Ubicada entre colinas áridas y barrancos en Fuerteventura, se encuentra Betancuria, un pueblo que resguarda la esencia más ancestral de Canarias. Fundado en 1404 por los conquistadores normandos Jean de Béthencourt y Gadifer de La Salle, este lugar fue la primera capital política y religiosa de la isla. Su estratégica localización alejada de la costa se pensó como una fortaleza contra invasiones que, curiosamente, nunca se materializaron.
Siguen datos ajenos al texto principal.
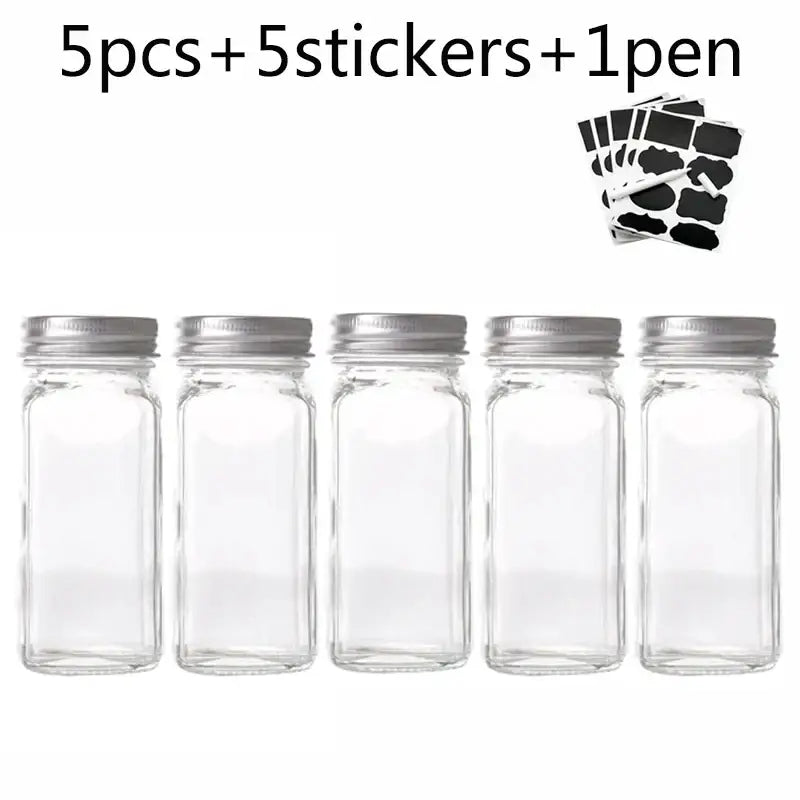 Modern clear glass seasoning jar set with black lids for kitchen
La arquitectura de Betancuria, con sus calles estrechas y casas encaladas, evoca un pasado medieval. Monumentos como la Iglesia de Santa María, que fue reconstruida tras el saqueo del pirata berberisco Xabán Arráez en 1593, y las ruinas del Convento de San Buenaventura, hacen eco de una época en la que este rincón se erigió como centro del poder eclesiástico en el archipiélago, llegando incluso a albergar brevemente el Obispado de Fuerteventura, que comprendía casi todas las islas.
Uno de los secretos mejor guardados de Betancuria es el Castillo de Valtarajal. Esta fortificación, construida para defender la costa, terminó desvirtuándose como prisión y quedando en el olvido. Curiosamente, nunca fue sometido a combate, ya que España no participó en la guerra para la que fue reforzado. Hoy, sus muros y ruinas representan un destino truncado, similar al de Betancuria, que perdió su condición de capital en el siglo XIX con el crecimiento de los pueblos costeros.
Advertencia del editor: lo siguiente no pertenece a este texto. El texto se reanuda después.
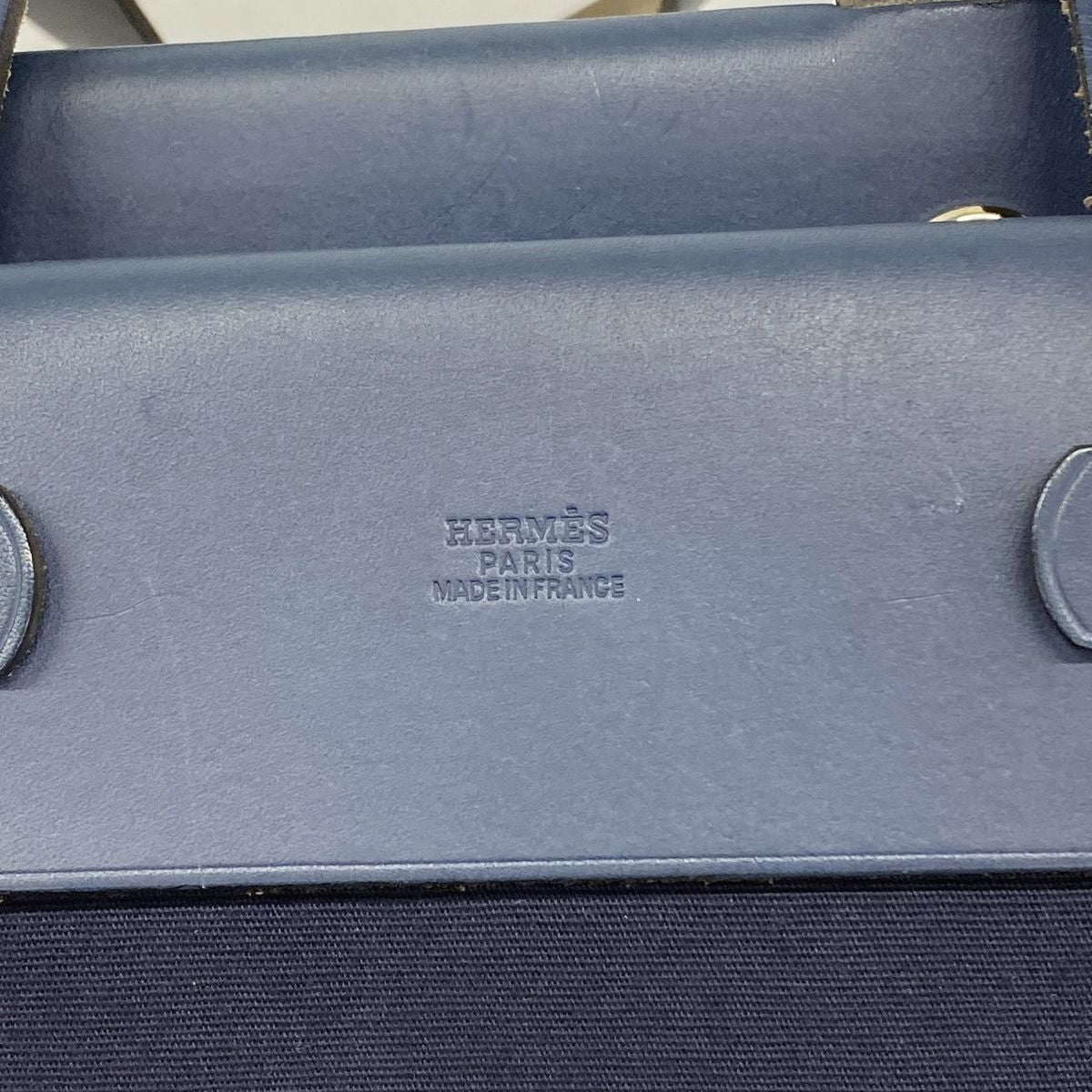 Hermes Tote Bag Herbag Cabas Toile H Navy Silver — view 5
A pesar de su declive, Betancuria ha sabido persistir. Aunque cuenta con apenas 800 habitantes, es uno de los municipios más emblemáticos de Canarias, destacándose en 2019 en la lista de Los Pueblos más Bonitos de España. Su aislamiento, alejado del turismo masivo, ha sido su salvaguarda, rodeado por el Parque Rural de Betancuria. Este paisaje agreste, junto a vestigios históricos, narra relatos de conquistas, piratería y supervivencia.
Las ruinas del castillo y las leyendas que rodean intentos de invasión frustrados alimentan el misterio de Betancuria. Sin embargo, su verdadero valor reside en lo que se ha mantenido a lo largo del tiempo: la iglesia que domina la plaza, las casas de techos bajos y la tranquila atmósfera de un lugar que parece suspendido en el tiempo. Donde el viento susurra ecos de antaño, la esencia de Canarias sigue viva, recordando a quienes lo visitan que este pueblo no es solo un punto en el mapa, sino un testimonio de historias y legados perdurables.